By Philip Coppens
Note: Later this year, British director Robin Hardy will release The Wicker Tree, a "reimagination" of the original 1973 The Wicker Man. It is based on his novel, Cowboys for Christ (2006). In light of its imminent release, Philip Coppens' review of the 1973 The Wicker Man is a timely reminder of the presence of paganism in film.
The Wicker Man is a remarkable story of the duality between the Christian and pagan ways, set against a Scottish background. In recent years, the story of the movie itself has been used as an example of the struggle between the old Christian establishment and the reintroduction into Western society of "pagan movies," of which The Wicker Man was one of the most shining examples.
Most film-buffs will know The Wicker Man for an early appearance of Britt Ekland.
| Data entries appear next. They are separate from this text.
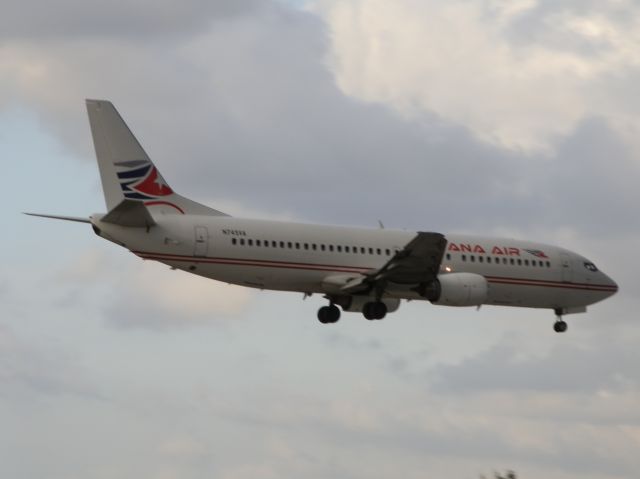 BOEING 737-400 (N745VA)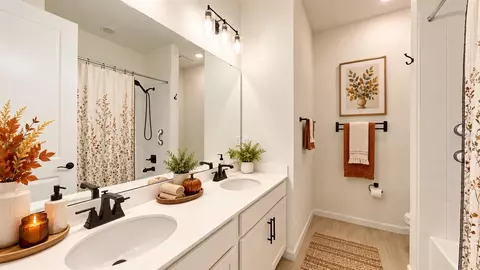 Bath - 2303 Jagger Ln, Winter Haven, FL 33880 photo 2 of 2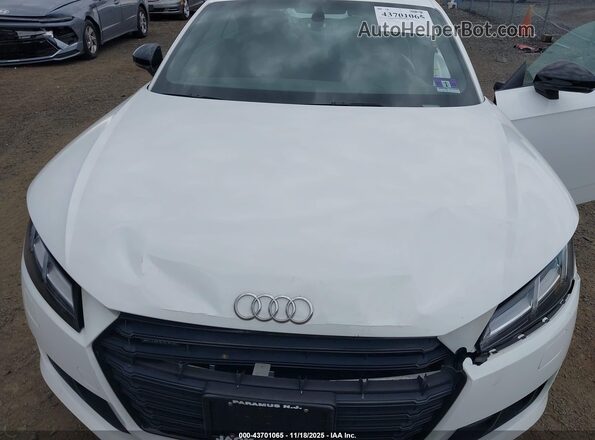 TRUC5AFV5H1011501 2017 AUDI TT White Widok z tyłu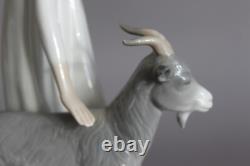 Lladro Porcelain Figurine Nao Girl with Pitcher and Goat 1983 H 31 cm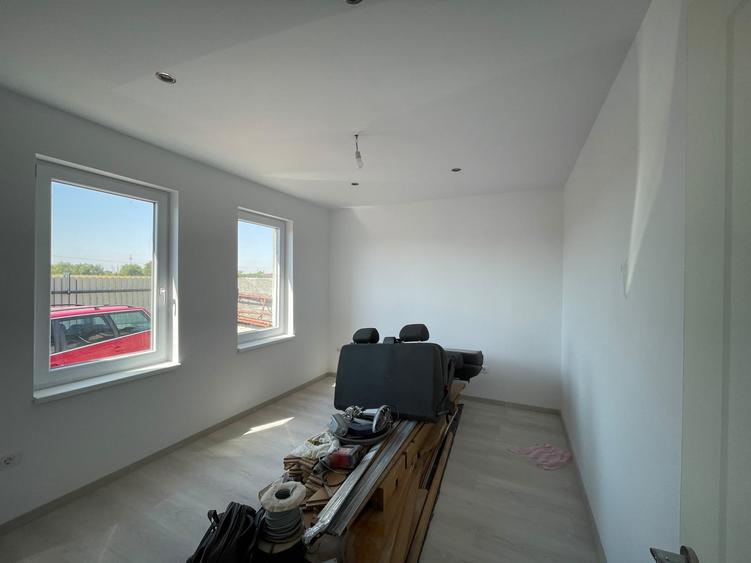Duplex cu 4 camere cu Canalizare în Moșnița Nouă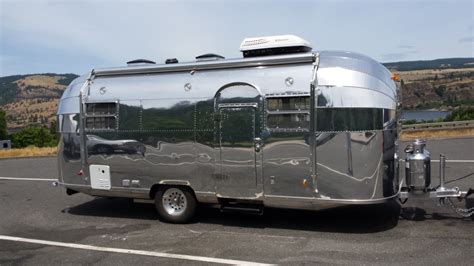 Custom commercial airstream trailer - Silver bullet trailer inc.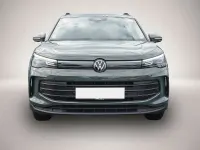 Gebraucht VW Tiguan 131 PS (96 kW) 2025 Grün SUV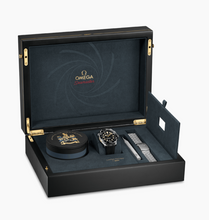 Load image into Gallery viewer, Omega Seamaster Diver 300 M James Bond Limited Edition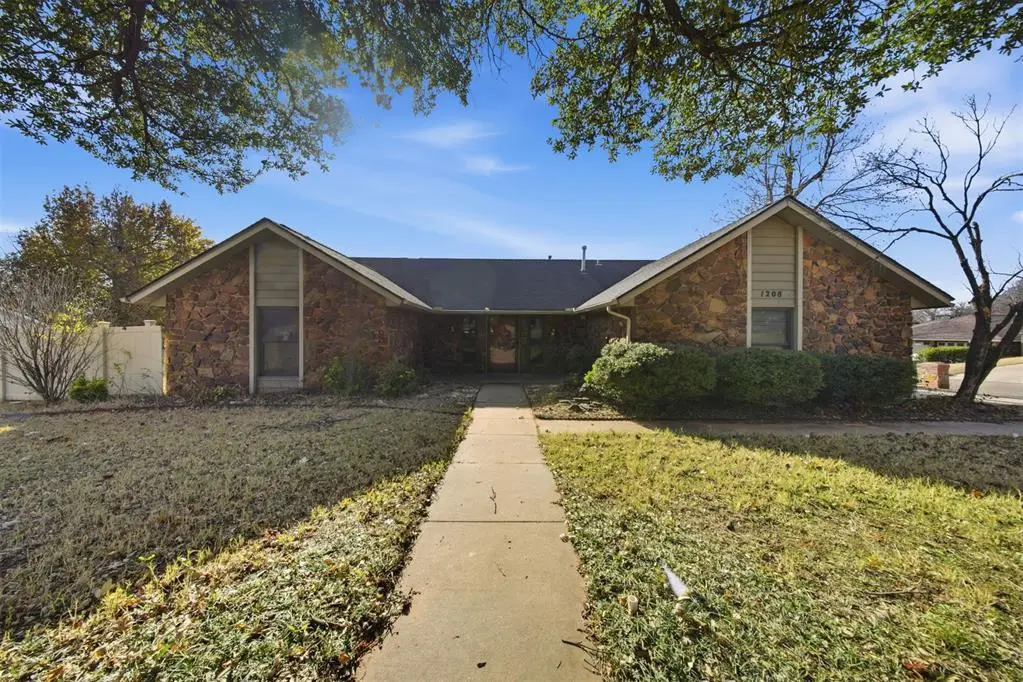 1208 Pine Ridge Circle, Edmond, OK 73034 - Image #1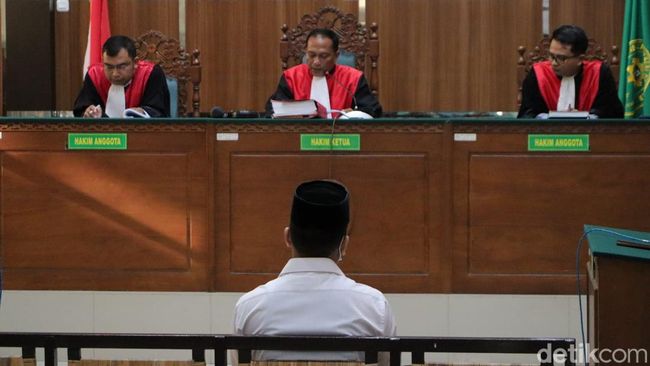 2 Penganiaya Santri Ponpes Gontor hingga Tewas Divonis 8 dan 4 Tahun Penjara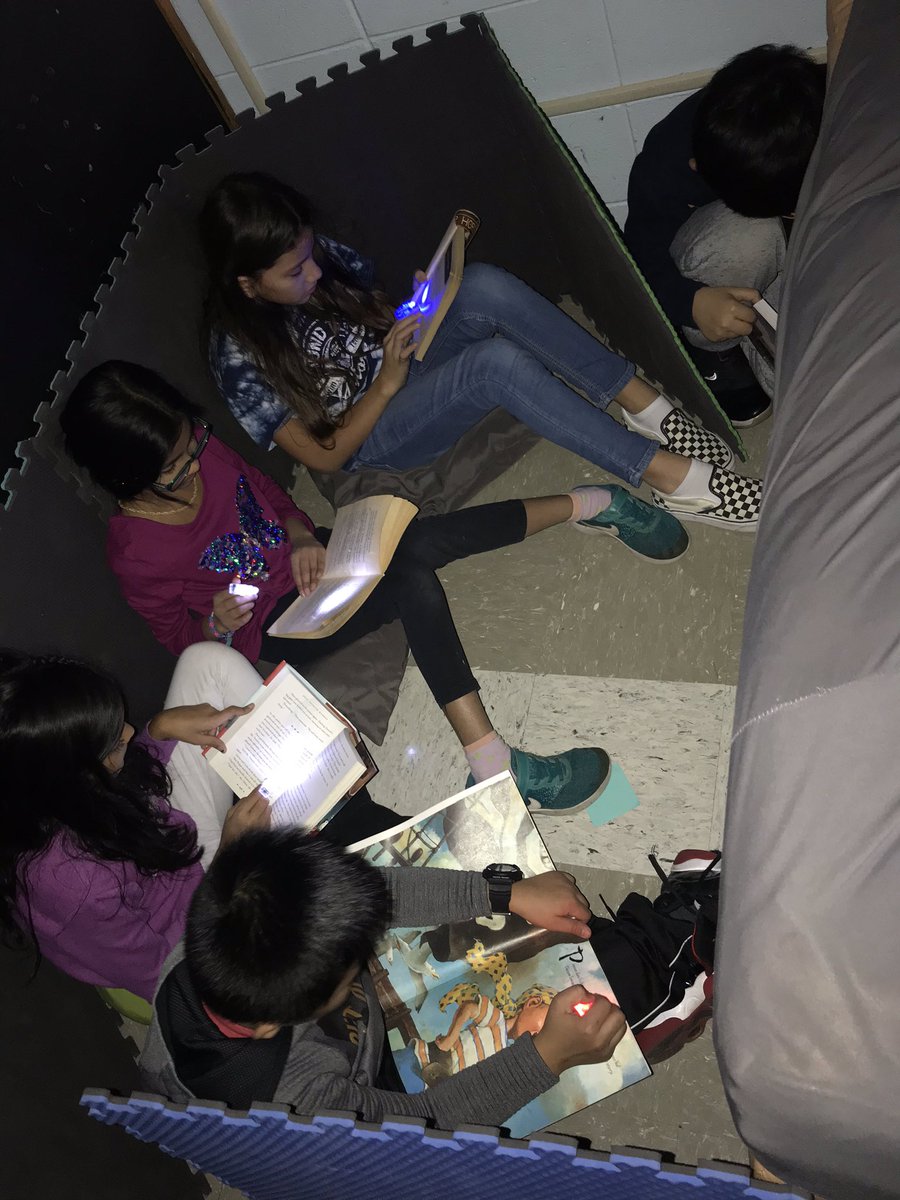 Flashlight Friday independent reading fun! #JMI_knights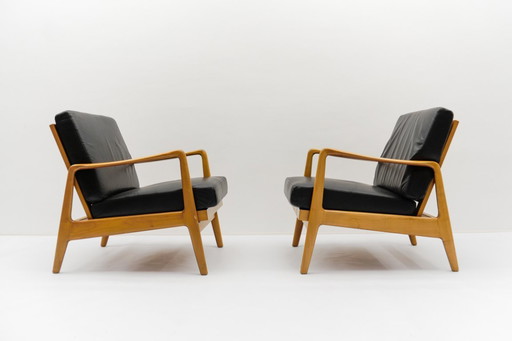Ensemble scandinave moderne du milieu du siècle composé de deux fauteuils et d'un pouf, années 1960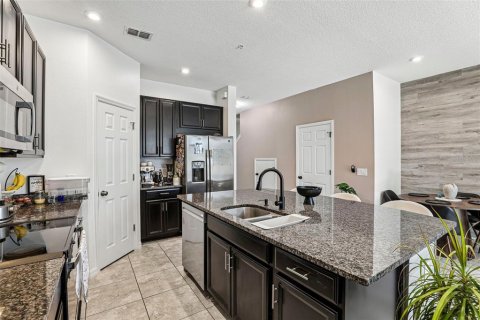 Adosado en venta en Orlando, Florida, 3 dormitorios, 126.25 m2 № 2201131 - foto 12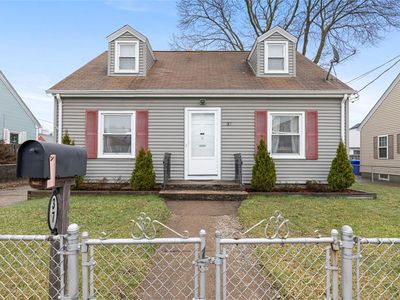 37 Grand Ave, Pawtucket, RI, 02861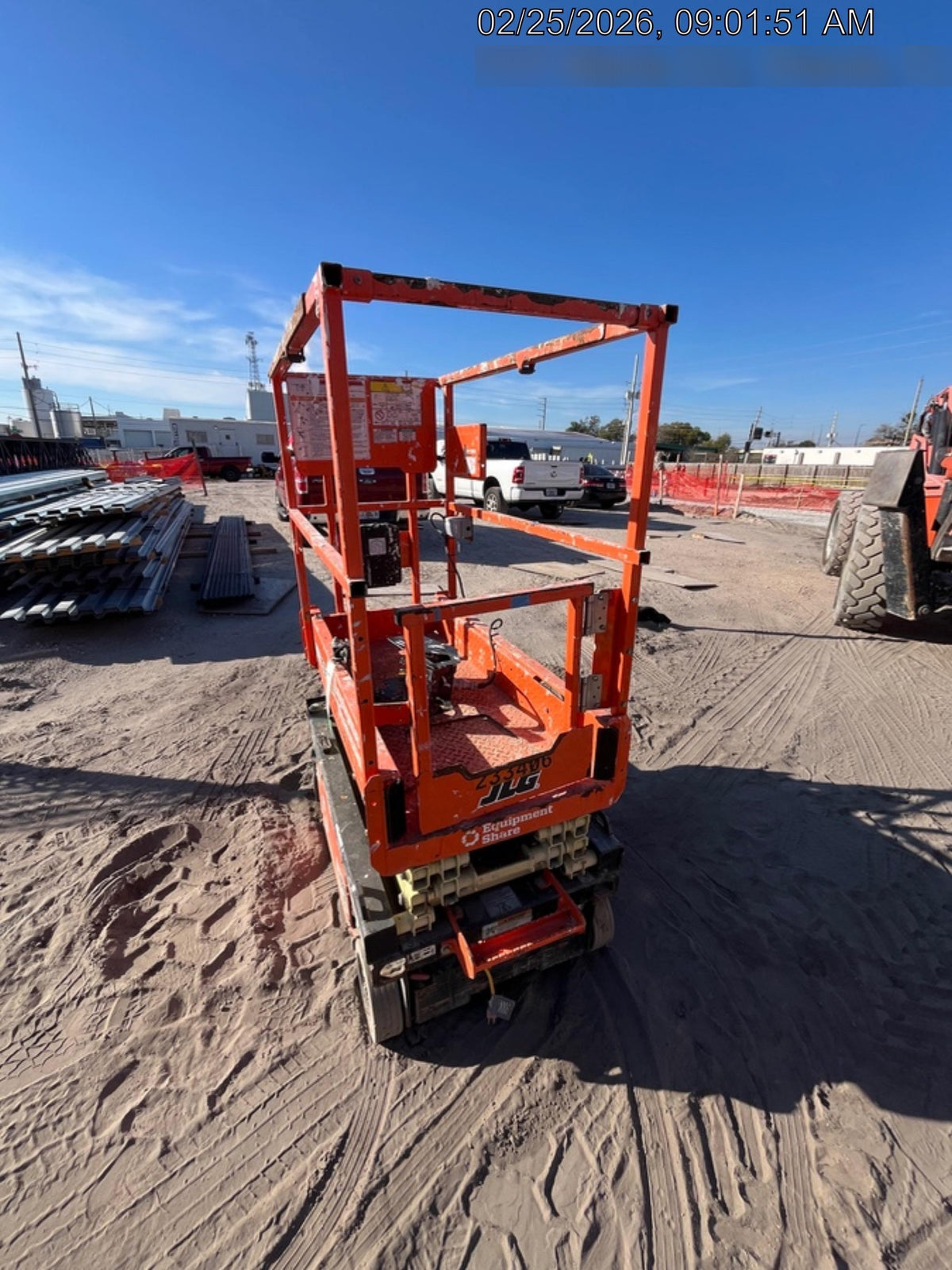 2022 JLG ES1330L
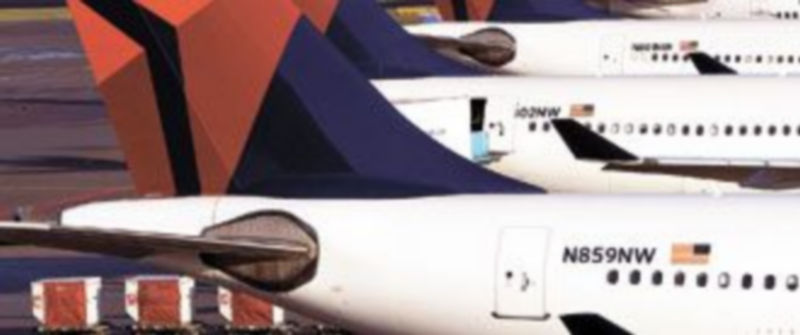 Un avión ‘Airbus A330’ con 278 pasajeros a bordo vivió un momento de tensión tras las amenazas del detenido de hacer volar la aeronave. / EFE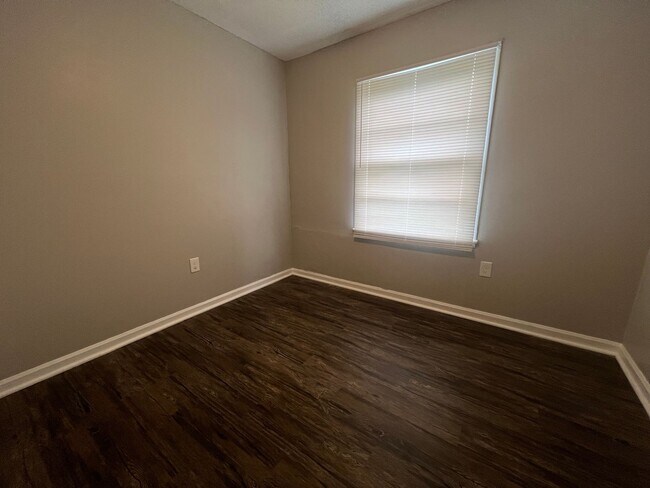Building Photo - 209 Morningside Dr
In essence, it is nothing more than a B-movie, produced in 1973. But over the past thirty-plus years, the film has grown in cult appeal, with film fans debating which cut has what, who made it, why, when, etc. Pub quiz knowledge aside, The Wicker Man is memorable for it depicts a Scottish island, Summerisle, which has returned to the old pagan religion, abandoning Christianity. When its crop of apples fails in the summer of 1972, it lures a Christian policeman to the island to sacrifice him to the solar deity, to appease him, so that the crops will be successful in the summer of 1973.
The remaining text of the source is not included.